En la Edad Media, si el poder quería desafiar una idea, quemaban a las personas, pues la única forma de matar a las palabras era acabando con el hombre de acción que salía cada día a cambiar los límites establecidos. La palabra se podía tocar. Esta es la prueba de que en aquel momento la idea hablada tenía una práctica y no de que hemos avanzado hacia una sociedad menos barbarica. Hoy, en cambio, vivimos en un lugar donde nos conformamos con ser lectores pasivos, donde las palabras apenas nos pasan entren los pies como el agua de un río, donde nadie cree en el poder transformador del arte.

Hasta donde yo veo, Panero nos viene a decir que la lectura no puede ser un mero acto de observación, sino de acción, de aplicación de lo leído, pues es esto lo que nos liberará de la triste práctica de la escritura, que él define como círculo vicioso. No hemos nacido para vivir la vida, sino para transformarla, para crearla.

Resulta curioso ver, entonces, este aparente reclamo de información por nuestra parte, del que tanto hablan hoy en día los dirigentes mundiales que abanderan el cambio. En todos estos discursos, que gotean de manera vertical desde arriba hacia el ciudadano, no se plantea nunca un cambio ético del individuo, sino que sigue girando en torno a la lucha de clases marxista y en defensa de una supuesta democracia que, de la mano del capitalismo, nos ha traído hasta esta inmovilidad espectadora en la que todos vivimos. Seguimos hablando de cambio dentro de las reglas de consumo y autosuperación individualista que nada tienen que ver con una auténtica revolución del ser.

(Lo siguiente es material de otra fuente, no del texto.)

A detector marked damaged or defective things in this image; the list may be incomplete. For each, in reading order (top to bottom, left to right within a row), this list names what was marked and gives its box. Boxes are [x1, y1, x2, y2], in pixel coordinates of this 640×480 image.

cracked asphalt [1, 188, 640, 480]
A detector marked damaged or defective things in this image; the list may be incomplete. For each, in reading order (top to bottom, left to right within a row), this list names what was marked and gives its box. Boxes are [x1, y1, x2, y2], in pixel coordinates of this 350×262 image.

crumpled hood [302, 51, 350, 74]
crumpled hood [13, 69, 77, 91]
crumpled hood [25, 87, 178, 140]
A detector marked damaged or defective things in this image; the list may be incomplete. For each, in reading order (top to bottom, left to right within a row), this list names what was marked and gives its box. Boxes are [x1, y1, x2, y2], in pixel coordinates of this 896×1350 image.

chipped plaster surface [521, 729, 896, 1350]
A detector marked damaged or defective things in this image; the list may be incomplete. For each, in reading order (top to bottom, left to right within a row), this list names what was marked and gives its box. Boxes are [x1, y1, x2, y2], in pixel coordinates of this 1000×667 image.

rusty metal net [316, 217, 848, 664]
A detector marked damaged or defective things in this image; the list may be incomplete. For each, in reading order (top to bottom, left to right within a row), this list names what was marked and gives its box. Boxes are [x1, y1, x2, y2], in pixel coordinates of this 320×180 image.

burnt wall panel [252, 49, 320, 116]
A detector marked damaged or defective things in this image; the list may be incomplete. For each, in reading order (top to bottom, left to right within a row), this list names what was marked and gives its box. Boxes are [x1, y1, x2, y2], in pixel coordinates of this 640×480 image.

Teóricamente, leemos más, estamos más informados y eso ha traído cambios políticos, aires de esperanza, pero cada día nos encontramos en una sociedad más individualizada, donde el sobrevivir manda y el poder se concentra en cúpulas. Gramsci dijo que el Estado es la sociedad política y la sociedad civil. Yo me pregunto qué es hoy la sociedad civil. No lo sé. Hoy en día, yo sólo puedo entender por Estado a los marginados, a los silenciados. El único lugar en donde hay un verdadero cambio político es en los locos, los indígenas, los pobres, los borrachos, los drogadictos, los ladrones, los homosexuales, todos aquellos que margino aquí, todos aquellos que han sido escindidos de la sociedad civil y cada uno de nosotros que hemos sido alejados de nuestros vecinos y convertidos en lectores, en consumidores, que no creen tocar lo que ven, sino que sueñan dentro de ello.

Antes, quemaban a Lutero, a Juana de Arco, Sócrates aceptaba tragar la cicuta. Ahora, aquí, a mi lado, a tu lado, aparecen en la televisión un orda salivosa de tertulianos y culturetas opinando sobre un autobusero loco que, con su cuerpo lleno de tricolores nacionales, cree en un mesías y sobre otro expresidente que, fumando puros cubanos, viaja a visitarle en representación de los grandes poderes racionales. Unos aplaudimos, otros nos indignamos, todos hacemos un tuit y nos vamos a dormir.